U Lisa bez zmian. CAŁY program, po czterech latach rządów Platformy, poświęcony został ocenie... Jarosława Kaczyńskiego

JOANNA KLUZIK-ROSTKOWSKA W PROGRAMIE LISA. Fot. wPolityce.pl
JOANNA KLUZIK-ROSTKOWSKA W PROGRAMIE LISA. Fot. wPolityce.pl

Z kronikarskiego tylko obowiązku odnotowujemy, bo powtarzalność tego już nudzi, że u Tomasza Lisa bez zmian. CAŁY poniedziałkowy program w TVP 2, po czterech latach rządów Platformy,  poświęcony został ocenie... Jarosława Kaczyńskiego. Z kuriozalnym nieco świadkiem oskarżenia - Joanną Kluzik-Rostkowską (choć w wyjątkowo złej formie).

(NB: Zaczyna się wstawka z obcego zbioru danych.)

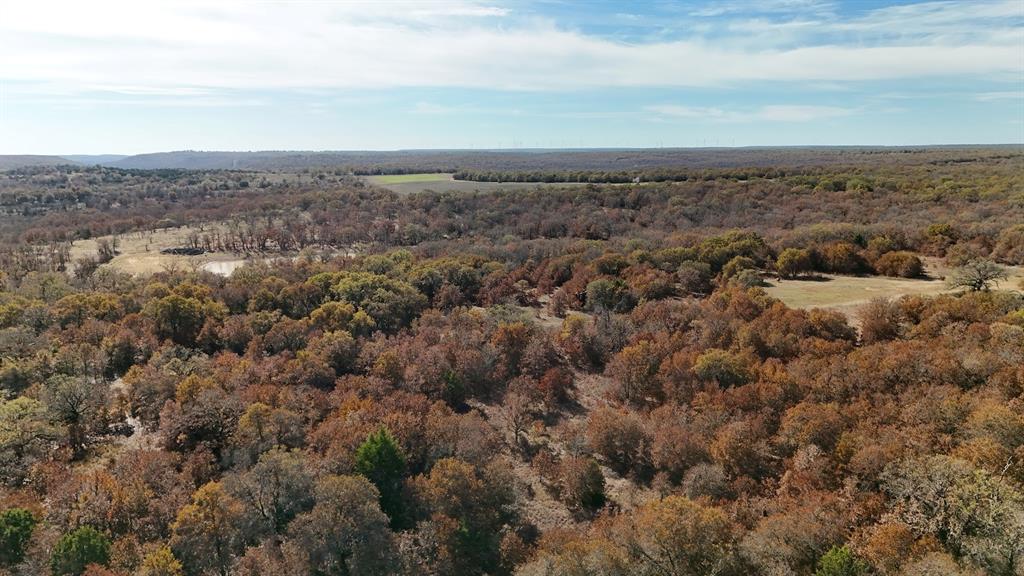0 Marley Road Jacksboro, TX 76458 - Photo 24 of 32 Drone / aerial view of a heavily wooded area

W drugiej części programu Lech Wałęsa - pięć minut o zdrowiu syna, dziesięć o niebezpieczeństwach jakie niesie Prawo i Sprawiedliwość. Gdy byłemu prezydentowi brakowało słów, argumenty podrzucał pan Tomasz.

A na koniec, na napisach końcowych, teledysk, zmontowany z poucinanych wypowiedzi, z którego jednoznacznie wynika, że TRZEBA głosować na Platformę.

Słowem - Tomek na wyborczym froncie. Wypada powtórzyć - sztabowcy PO nie zrobiliby tego lepiej. A Sławomir Nowak w roli moderatora (bez złośliwości, na serio) gwarantowałby większy obiektywizm.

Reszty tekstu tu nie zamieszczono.